> [EXERCISE BRIEF]
I would like the lines below, from the one with "Irygator EVOREI Boost 1" through the one with "The Poison Master", copied exactly and without any pictures.

> [ENTRIES SUPPLIED]
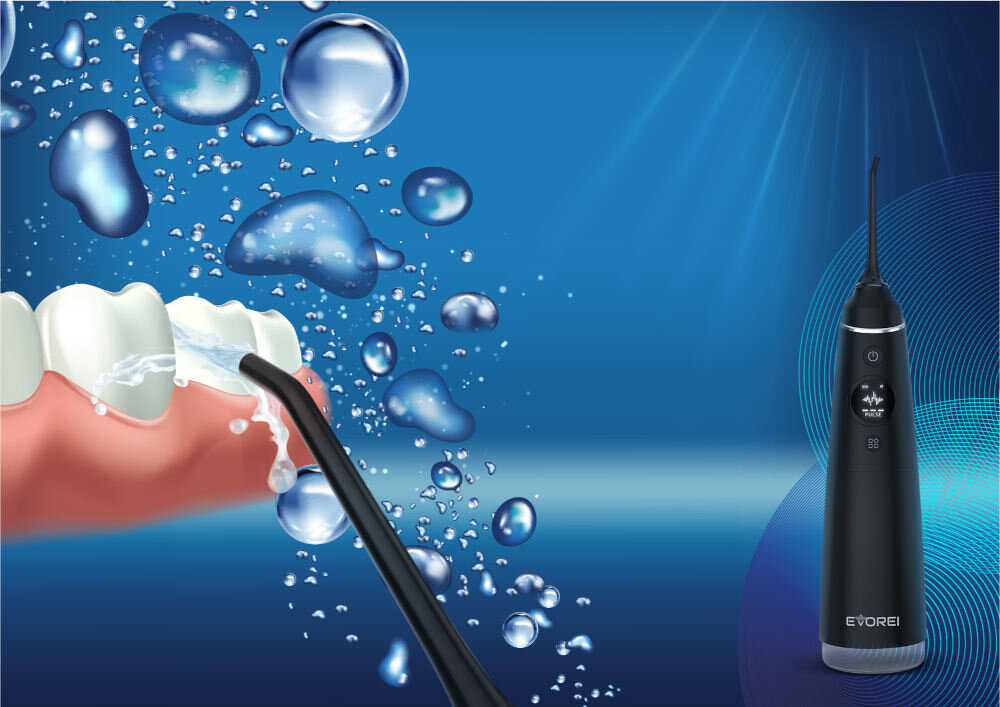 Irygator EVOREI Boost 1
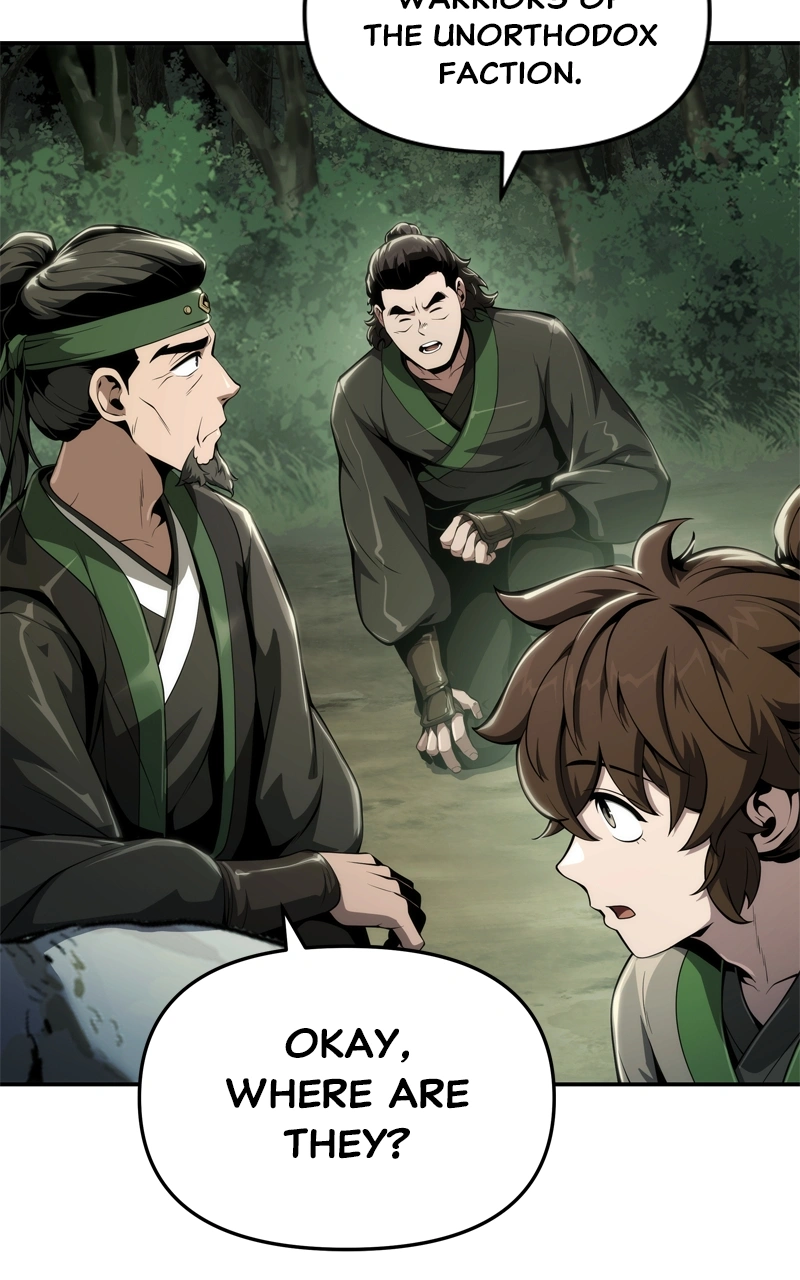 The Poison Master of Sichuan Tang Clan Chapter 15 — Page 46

--

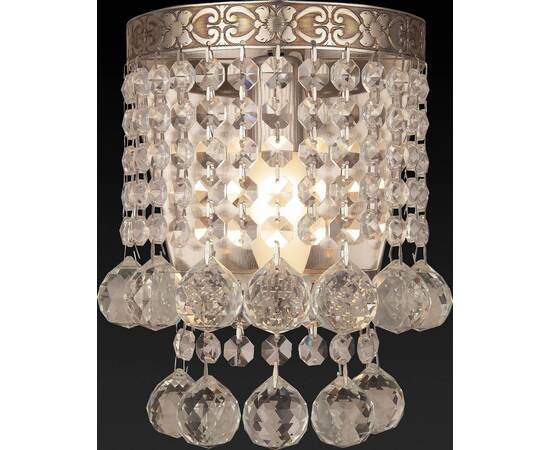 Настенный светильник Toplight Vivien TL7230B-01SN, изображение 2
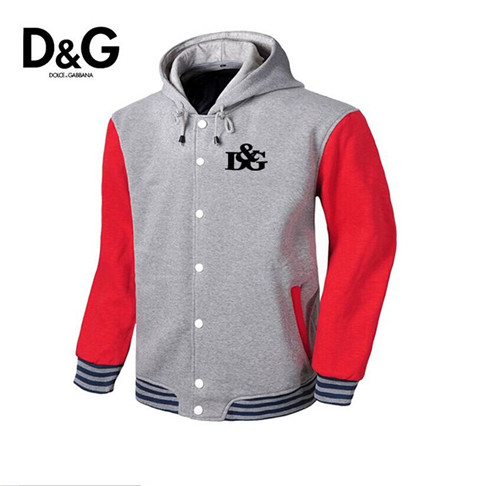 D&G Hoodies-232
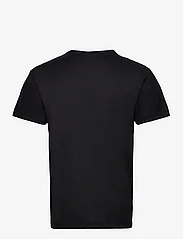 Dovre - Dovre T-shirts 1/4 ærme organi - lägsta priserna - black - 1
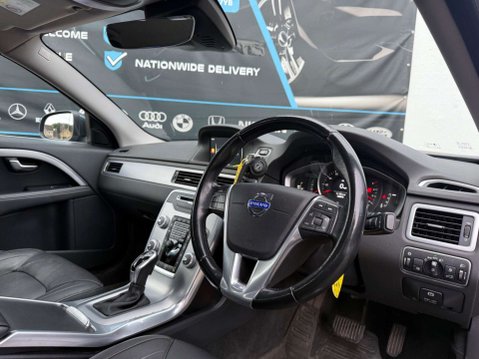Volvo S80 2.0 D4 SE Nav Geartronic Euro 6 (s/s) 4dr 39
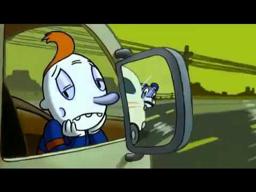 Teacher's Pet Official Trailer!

> [WRITTEN SOLUTION]
 Irygator EVOREI Boost 1
 The Poison Master of Sichuan Tang Clan Chapter 15 — Page 46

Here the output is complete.